Plus we can't ignore that some people are just shitty too. I get that as men we think we can influence and control everything but the reality is that you can't. People make their own decisions and expecting them to act like perfect angels all the time is naive.

I don't care how much you learn about women or how much frame control you get, you'll never be able to control the actions of another person 100%. Of course have boundaries but understand you're dealing with another human being so expect some curveballs every now and then



You pretty much described the honeymoon phase Vs reality. Women are almost always way more pleasant and complaint in the honeymoon phase. You start to see who they really are after that



I’m sorry but she is a fucking grown up. If she needs her man at all times to regulate her emotions with trivial things then she’s either very needy or just plain stupid

So her family has a fight and now she needs to be consoled by a random dude? Or she needs to call me in the middle of the night to complain about this BS… just lolz



I would just punish her on the behavior at hand tbh. Giving her space is punishment



Lol… 4 months ain’t nothing at all

And all those qualities you mentioned can’t really be screened very well during the honeymoon phase. I mean sure, there are some obvious red flags but you never really know how someone behaves in a relationship until you actually get into a relationship with them

Just have the relationship play itself out and make adjustments on the fly



Aha… the perfect candidate before the relationship began. But then once she got what she wanted all of a sudden things changed huh. Don’t you find that rather suspicious?

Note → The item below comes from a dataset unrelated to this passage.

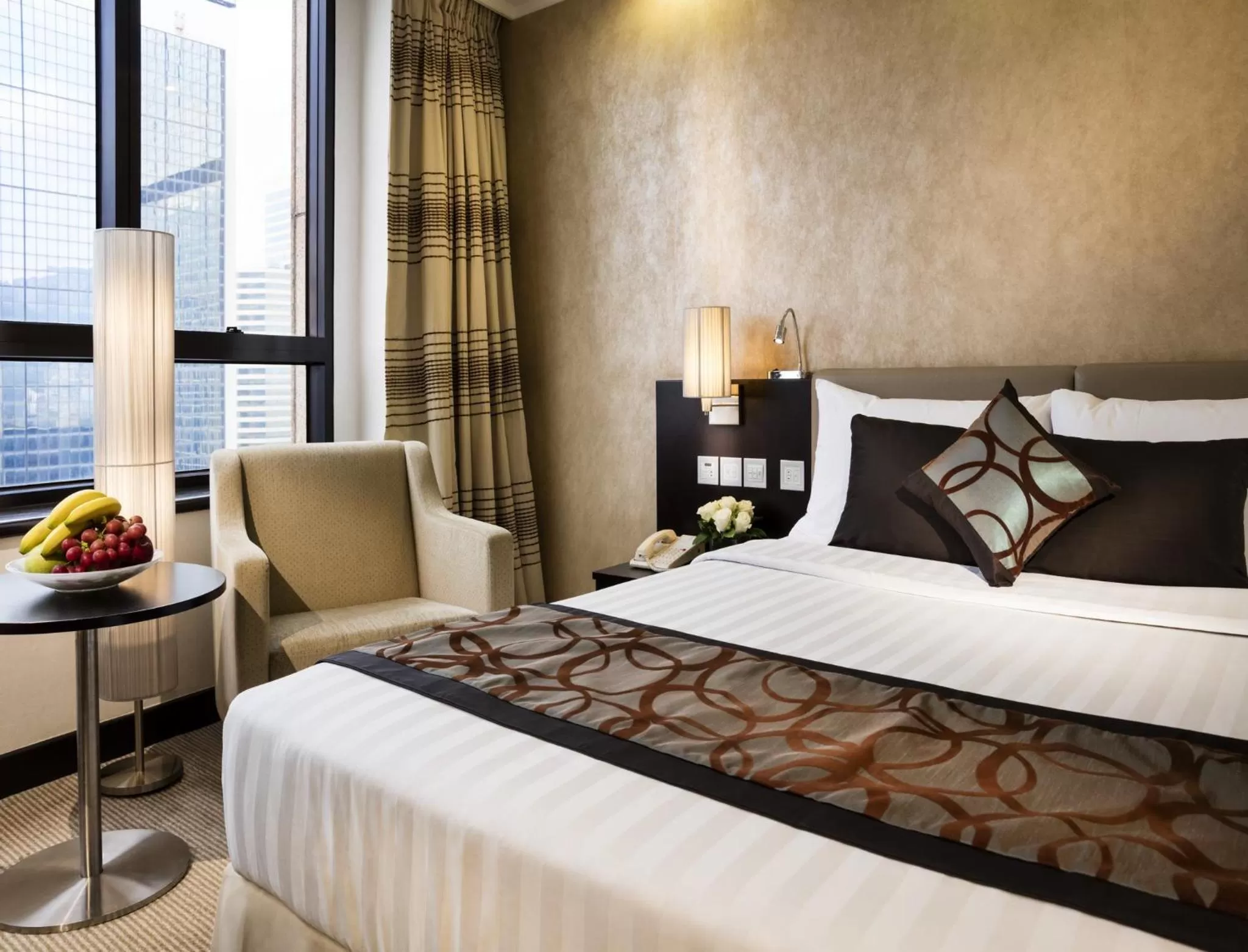 Bed in Gloucester Luk Kwok Hong Kong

This is further proof she knows how to act right but chose not to in this case for whatever reason



Y’all need to chill with this termination stuff lol. Sure she made a mistake but just give her gentle correction and watch what she does moving forward



Some girls just like drama G. Maybe she needed more of it to make things spicy 🌶️

Sounds weird as hell but some girls will do strange things in a relationship when things are going good just so they can get a reaction out of you. The chaos can be a great aphrodisiac and also acts a way to check if you’re still invested in the relationship

It can be annoying as hell but it does work in keeping the passion alive
Thanks @TomInHo I'd like to address a few points.

Aha… the perfect candidate before the relationship began. But then once she got what she wanted all of a sudden things changed huh. Don’t you find that rather suspicious?

This is further proof she knows how to act right but chose not to in this case for whatever reason
A near 5 month screening process and a close to 6 month relationship before she's acted up. Not so suspicious, people make mistakes and girls like to test. I think the relationships been maintained well enough throughout this period to say she didn't change her behaviour as soon as she got what she wanted.

some girls will do strange things in a relationship when things are going good just so they can get a reaction out of you.
Everything was going good so this seems about right to me. She's flipped a bitch and created drama overreacting to things previously as little tests. I've always dealt with them and she's came back and apologised a couple days later.